Crawled caption data:
━━━
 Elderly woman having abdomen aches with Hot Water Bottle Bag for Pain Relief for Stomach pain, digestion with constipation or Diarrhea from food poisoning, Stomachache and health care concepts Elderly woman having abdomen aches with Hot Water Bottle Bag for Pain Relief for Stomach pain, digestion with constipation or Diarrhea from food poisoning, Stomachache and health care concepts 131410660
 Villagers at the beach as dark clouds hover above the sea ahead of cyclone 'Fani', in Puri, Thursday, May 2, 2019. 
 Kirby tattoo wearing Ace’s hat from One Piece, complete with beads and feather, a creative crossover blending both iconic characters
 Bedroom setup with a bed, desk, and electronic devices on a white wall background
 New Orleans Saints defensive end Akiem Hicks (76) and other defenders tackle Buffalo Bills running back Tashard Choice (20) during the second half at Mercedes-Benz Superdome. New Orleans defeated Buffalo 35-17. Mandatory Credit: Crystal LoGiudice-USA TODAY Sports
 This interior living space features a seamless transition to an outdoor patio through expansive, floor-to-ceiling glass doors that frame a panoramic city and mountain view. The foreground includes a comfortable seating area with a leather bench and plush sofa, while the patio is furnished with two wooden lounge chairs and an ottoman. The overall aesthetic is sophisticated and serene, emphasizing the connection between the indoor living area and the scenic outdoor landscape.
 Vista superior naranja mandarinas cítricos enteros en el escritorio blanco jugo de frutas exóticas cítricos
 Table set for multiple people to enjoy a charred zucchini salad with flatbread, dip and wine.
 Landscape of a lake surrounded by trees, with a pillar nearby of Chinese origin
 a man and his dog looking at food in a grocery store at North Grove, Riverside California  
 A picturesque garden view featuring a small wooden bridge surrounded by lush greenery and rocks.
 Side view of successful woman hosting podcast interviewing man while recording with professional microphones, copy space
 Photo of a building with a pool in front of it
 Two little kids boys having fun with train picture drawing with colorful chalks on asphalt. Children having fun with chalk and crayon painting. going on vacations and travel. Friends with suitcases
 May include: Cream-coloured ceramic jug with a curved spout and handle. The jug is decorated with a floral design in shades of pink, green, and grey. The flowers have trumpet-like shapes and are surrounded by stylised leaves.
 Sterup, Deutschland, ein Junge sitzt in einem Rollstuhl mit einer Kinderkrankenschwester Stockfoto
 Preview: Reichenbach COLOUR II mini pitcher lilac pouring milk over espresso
━━━
## WHAT TO DO:
Extract exactly and only the lines above from the line containing "Vista superior naranja" through the line containing "A picturesque garden", both end lines included.

## SOLUTION BELOW:
 Vista superior naranja mandarinas cítricos enteros en el escritorio blanco jugo de frutas exóticas cítricos
 Table set for multiple people to enjoy a charred zucchini salad with flatbread, dip and wine.
 Landscape of a lake surrounded by trees, with a pillar nearby of Chinese origin
 a man and his dog looking at food in a grocery store at North Grove, Riverside California  
 A picturesque garden view featuring a small wooden bridge surrounded by lush greenery and rocks.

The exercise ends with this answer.